How amazing that there is a culturally approved opportunity to bring a real live whole tree into my home to sit in the front window of the living room for all the passers-by to see! It’s such an odd tradition, seen with fresh eyes. Why do we do it? There’s never a holiday where we bring a boulder into our homes.
Whatever the original reason, I’m delighted we do. I love trees. They’ve grown to have a significant place in my pantheon of spiritual practice. It began on a walk I used to take regularly on a path that led beside a row of evergreen trees. They called to me to brush their branch tips with my bare fingers. In winter I’d take off a mitt to let the direct contact happen. I was surprised to notice that I felt a subtle… something. Their energy, is one way of putting it. The trees of a park a little further down the path would call me to place my palm directly on their trunks, standing quietly with the tree. This palm-to-trunk contact inexplicably produces a calming, grounded effect in me.

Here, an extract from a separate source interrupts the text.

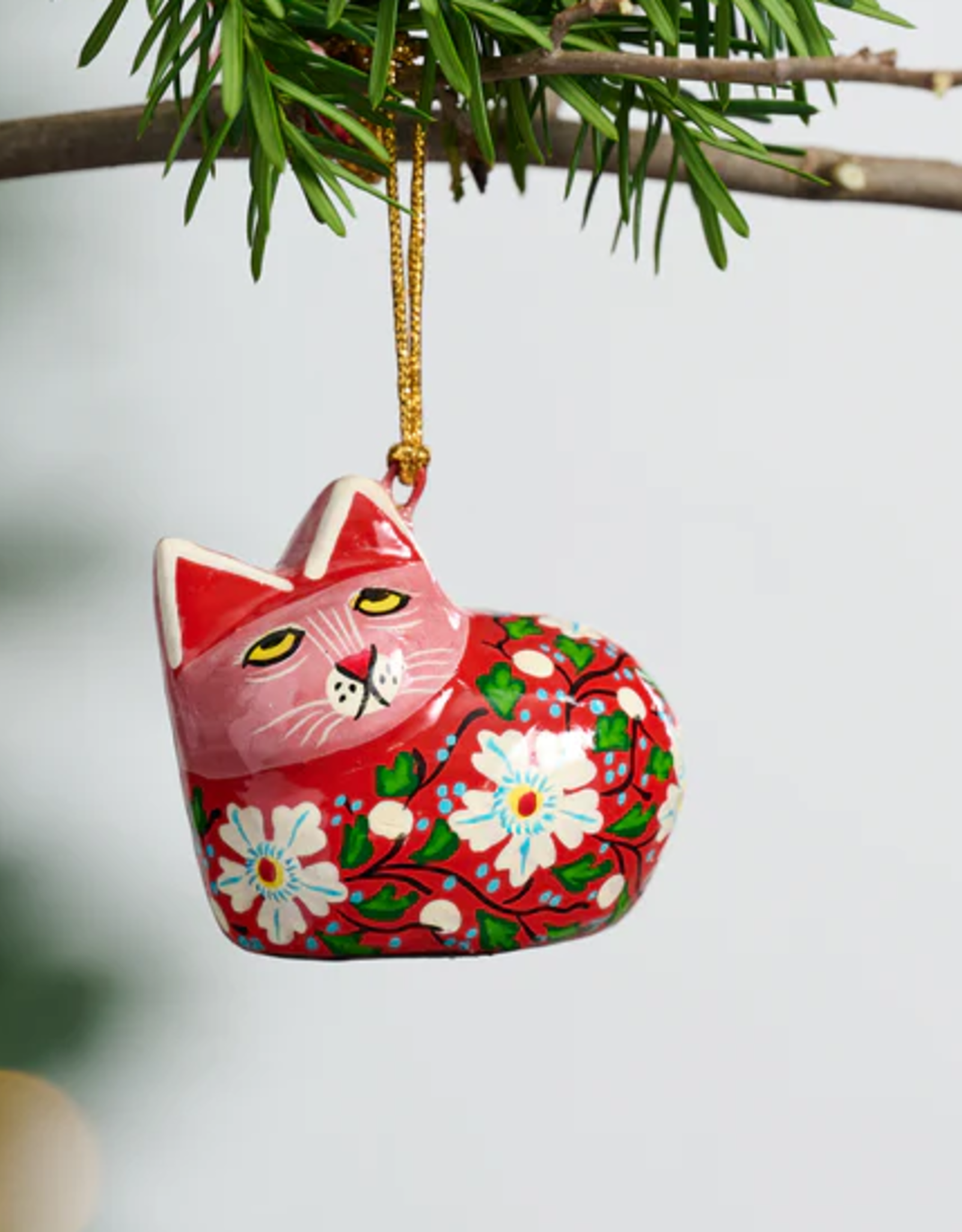 India Ornament Painted Floral Cat Paper Mache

The weekend has arrived when we must say farewell to the tree that has shared our home for weeks. I sit in the armchair beside it, artificial lights turned off in the dim morning light, so that the tree’s own spirit can shine through. I have treated it as a presence unto itself this year – welcoming it to my home and greeting it with a “hello, tree” occasionally.

I feel somewhat at odds with the tradition, though – much as I love having the tree in my home, it is a selfish human act. Of course it is dying – has been ever since it was cut – and soon it will be a mound under the snow in the alley.
But even well after cutting, I’ve found that wood retains its spirit. Furniture, walls, stairways, or flooring of wood can have the same effect. A certain cut across the grain to produce a thick sloping table edge fits the human hand well for that buzz of palm-contact. There’s something mysteriously special about trees – when we scurrying bipeds slow our pace enough to soak up their presence.